Glacial earthquakes were first identified in the early 2000s in Greenland, when seismologists noticed unusual, long-period seismic signals originating from major outlet glaciers. According to the U.S. Geological Survey and subsequent peer-reviewed studies, these events occur when large icebergs detach from a glacier’s terminus and topple or capsize, slamming back against the “mother” glacier and the ocean water.

Unlike typical tectonic earthquakes, which generate a wide spectrum of seismic waves including high-frequency components, glacial earthquakes are dominated by long-period, low-frequency motions. These signals can travel thousands of kilometers through the Earth’s crust but are harder to pinpoint with standard detection techniques that rely heavily on high-frequency energy.

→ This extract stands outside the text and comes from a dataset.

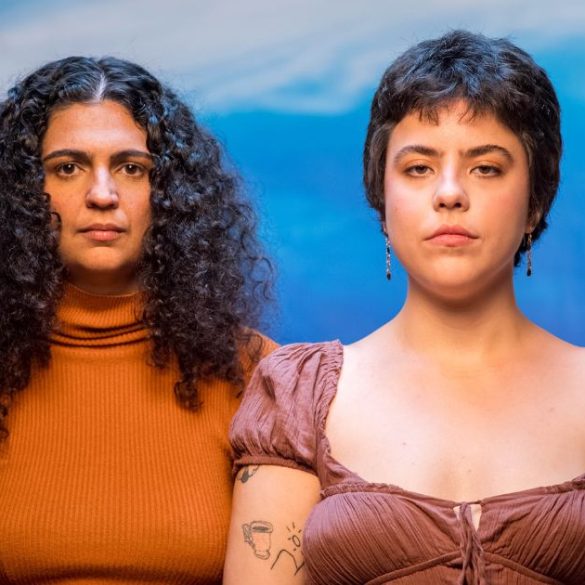 Copia de Copia de Post Noticias 16 1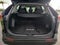 2025 Toyota RAV4 Hybrid Hybrid XLE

Researchers say this frequency difference is one reason glacial earthquakes went largely unnoticed for decades, despite continuous monitoring for earthquakes, volcanic activity and nuclear tests. Only when scientists re-examined seismic records with new analytical approaches did the distinctive signature of glacial quakes stand out.

“These events are powerful but sneaky,” explained glaciologist Meredith Nettles of Columbia University in earlier work on Greenland glacial quakes. “They move a lot of ice, but their frequency content makes them easy to miss with tools designed for tectonic earthquakes.”

Lessons From Greenland’s Glacial Quakes

Most glacial earthquakes documented to date have been associated with major Greenland outlet glaciers such as Jakobshavn Isbræ, Helheim and Kangerdlugssuaq, according to studies published over the past two decades in journals including Science and Nature. These events can reach magnitudes comparable to those of underground nuclear tests carried out by North Korea, making them detectable by high-quality, continuously operating seismic networks worldwide.

In Greenland, glacial earthquakes show a clear seasonal pattern. They occur more frequently in late summer, when warmer air and ocean temperatures enhance surface melt and undercut ice fronts, promoting calving. Multiple research groups have reported that these events have become more common since the 1990s, a trend many scientists link to amplified Arctic warming.

Climate scientists caution that the link between glacial earthquakes and long-term ice loss is complex. While more frequent calving events can indicate destabilizing ice fronts, some calving is a natural part of glacier dynamics. Still, the growing catalog of Greenland events has become an important indicator of how fast large outlet glaciers are changing in a warming climate.

The new Antarctic study extends this line of inquiry to the southern hemisphere, where comparable records have been sparse.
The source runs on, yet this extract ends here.